AI Concepts

Artificial Intelligence, deep learning, machine learning — whatever you're doing if you don't understand it — learn it. Because otherwise you're going to be a dinosaur within 3 years.
-- Mark Cuban 

What are Large Language Models (LLMs)? (5:29)

Large Language Models

HOW AI IS CHATTING WITH YOU

AI is getting very good at conversation. This is all thanks to a powerful kind of neural network called a large language model, or LLM. LLMs enable computers to understand and generate language better than ever before.
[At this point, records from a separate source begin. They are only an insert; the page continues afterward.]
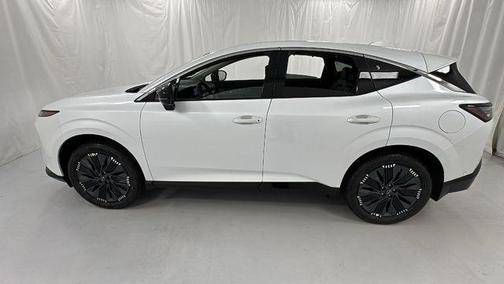 Everest White Pearl Tricoat 2025 Nissan Murano Platinum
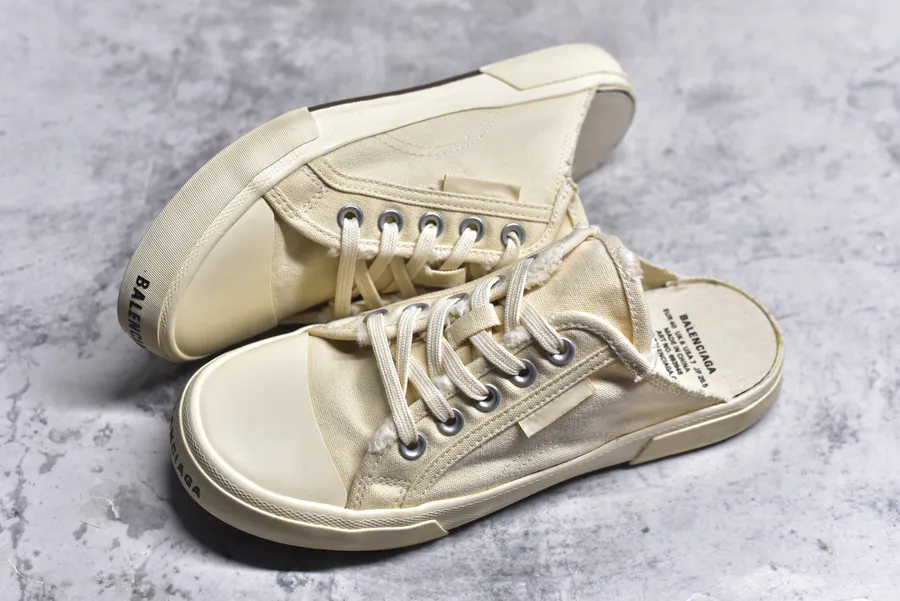 BALENCIAGA Paris Worn Effect Casual Low Top Canvas Sneakers
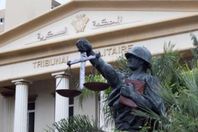 محاكمة 65 مدنيا أمام محاكم عسكرية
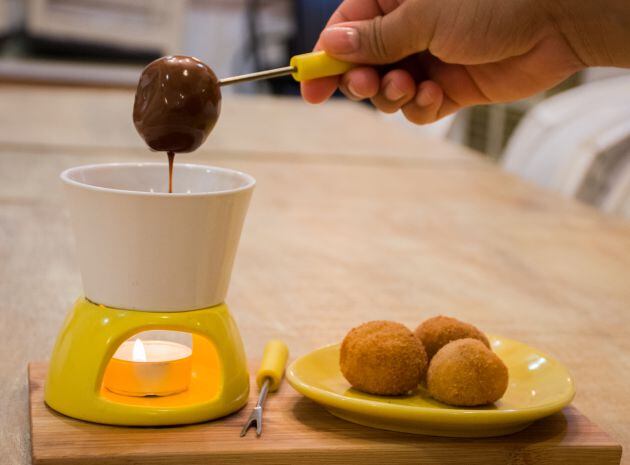 Croquetas de madalenas con &#039;fondue&#039; de chocolate.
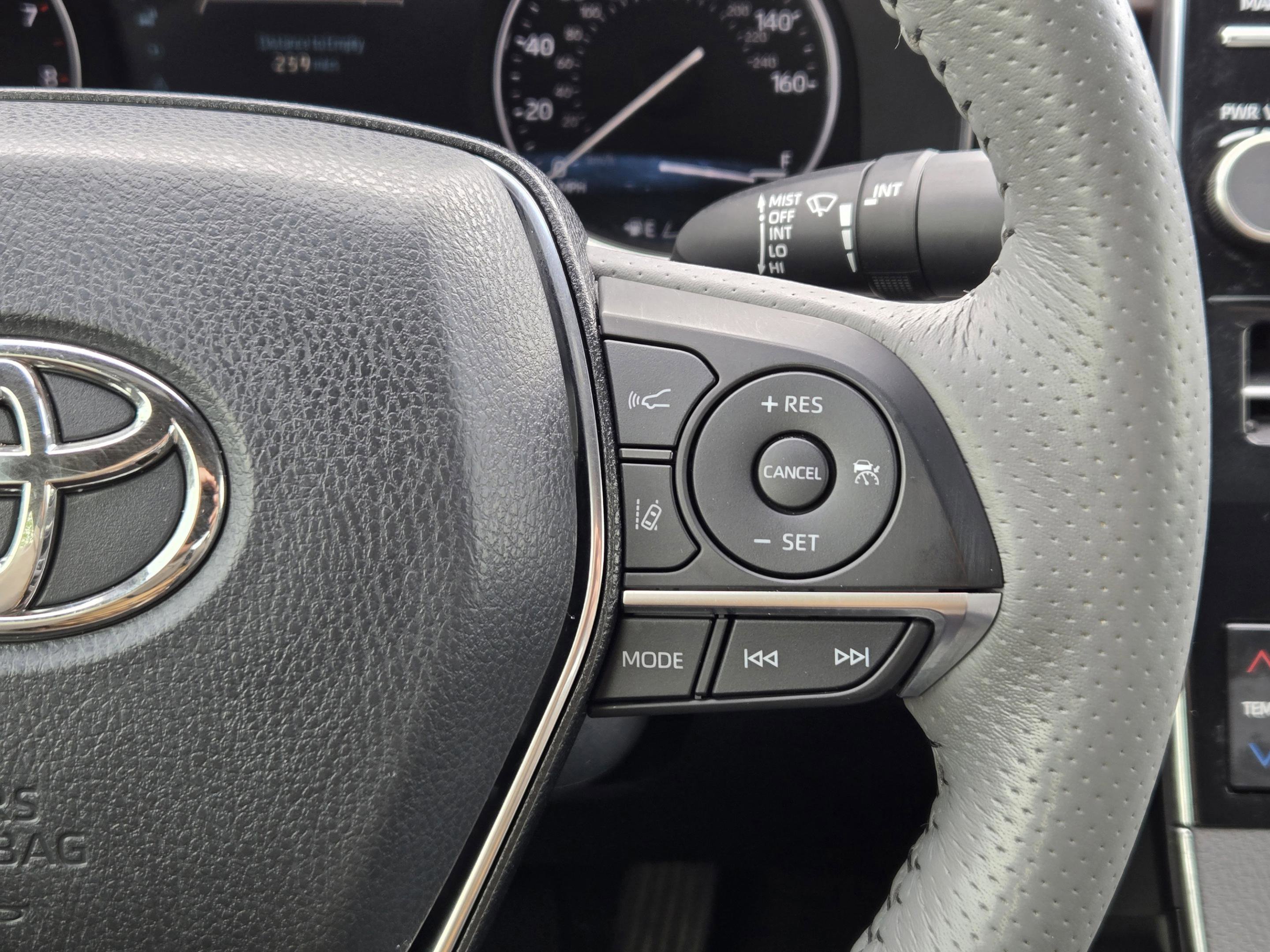 Used 2019 Toyota Avalon Limited w/ Advanced Safety Package image 32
Anyone can get started building with them, whether you're a developer or not.

WHAT ARE LANGUAGE LEARNING MODELS (LLMS)

LLMs are machine learning models that are really good at understanding and generating human language. They are based on Transformers, a type of neural network architecture invented by Google. One model can be used for a whole variety of tasks, like chat, translation, summarization, brainstorming, code generation. You can prototype language applications incredibly fast with LLMs.

Large Language Models: Part 1 (10:12)

LEARNING LARGE LANGUAGE MODELS

In this video, you will learn all about large language models. The goal is to assign a probability to every sentence. To really model language, we need to somehow model things like grammar and style.

GRADIENT DESCENT IN NEURAL NETWORKS

To train our network, we need the gradient of the error function. This is a vector with eight partial derivatives, one for each weight. This process of calculating partial derivatives in a network is called backpropagation. It's the workhorse of neural networks.

NEURAL NETWORKS: UNIVERSAL

Neural networks are universal. You can fit any function. But how about this function, which models language? How do we go about designing a neural network to model language?

Large Language Models from scratch
https://www.youtube.com/watch?v=lnA9DMvHtfI

Large Language Models: Part 2 (7:15)

NEURAL NETWORKS FOR LANGUAGE

Given some text like this, we would like to predict the last word. What if we could train a neural network to solve this attention problem? We can do this by stacking many of these prediction attention layers. To give our network a lot more capacity, we need to give it more capacity.

TRAINING LARGE LANGUAGE MODELS IN PYTHON

Today's large language models have read half a trillion words. Training GPT-3 would take 355 years on a single GPU or computer. But Transformers are designed to be highly parallelizable, so you can do in about a month. These models are not perfect, but if you need cooking ideas, they can help.

Why Large Language Models Hallucinate (9:25)

THREE FACTS THAT ARE NOT REAL

The distance from the Earth to the moon is 54 million km. Before working at IBM, I worked at a major Australian airline. The James Webb telescope took the very first pictures of an exoplanet outside of our solar system. All three facts are an example of an hallucination of a large language model.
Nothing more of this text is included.